Het blijft merkwaardig dat de auteurs en dus ook alle figuren inclusief Merlijn de groene sarcofaag aanduiden met 'mummie', terwijl een mummie natuurlijk het omzwachtelde lichaam van de dode is. Pas op de laatste pagina wordt die zichtbaar als Neferis de kist geheel opent. Ook voor Johan is dit de eerste kennismaking met de oud-Egyptische begraafwijze. Als hij de sarcofaag op pagina 1 ontdekt vraagt hij zich af: "Wat is dit voor zonderlinge groene kist?" Het is maar goed dat hij hem niet meteen opent, wat op zich toch logisch zou zijn geweest. Maar dat zou wel een heel snel en rigoreus einde betekenen voor onze held.

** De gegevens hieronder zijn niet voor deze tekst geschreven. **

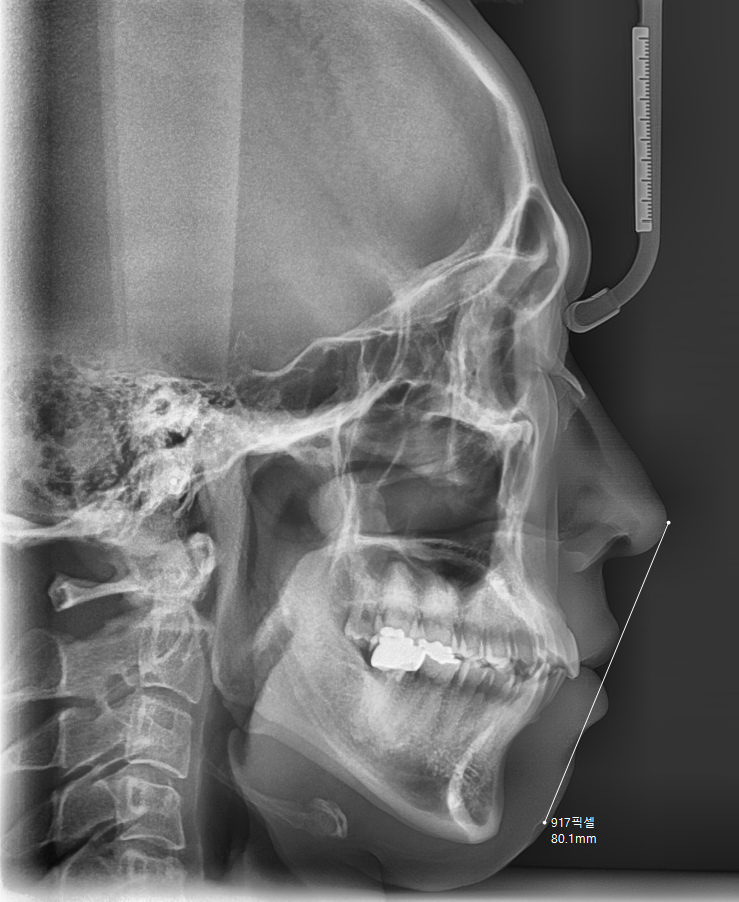 고덕역 교정치과 40대인데 치아 교정 가능한가요? 관련 이미지 5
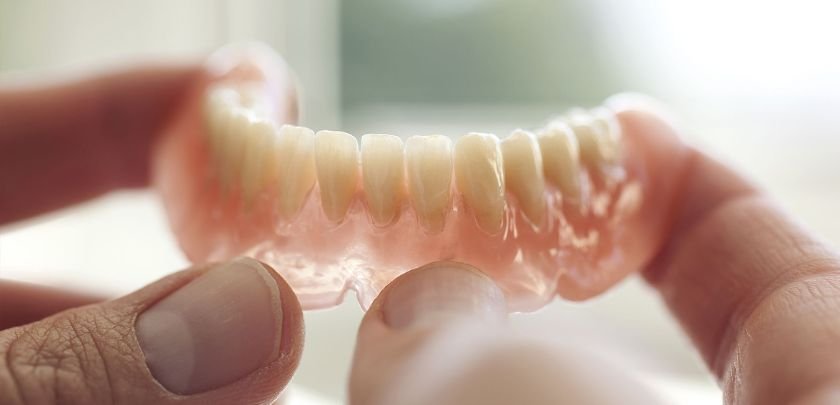 The Advantages Of Fixed Vs. Removable Dentures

Zo zijn er wel meer onvolkomenheden in het verhaal. Waarom bijvoorbeeld gebruiken de Egyptische piraten hun pijl en boog niet direct wanneer Johan en Hans aan boord van hun schip klimmen om Neferis te bevrijden? Nee eerst gaan ze de twee ridders te lijf met het zwaard, ten koste van een flink aantal slachtoffers, en pas als Johan overboord valt schieten ze hem pijlen na.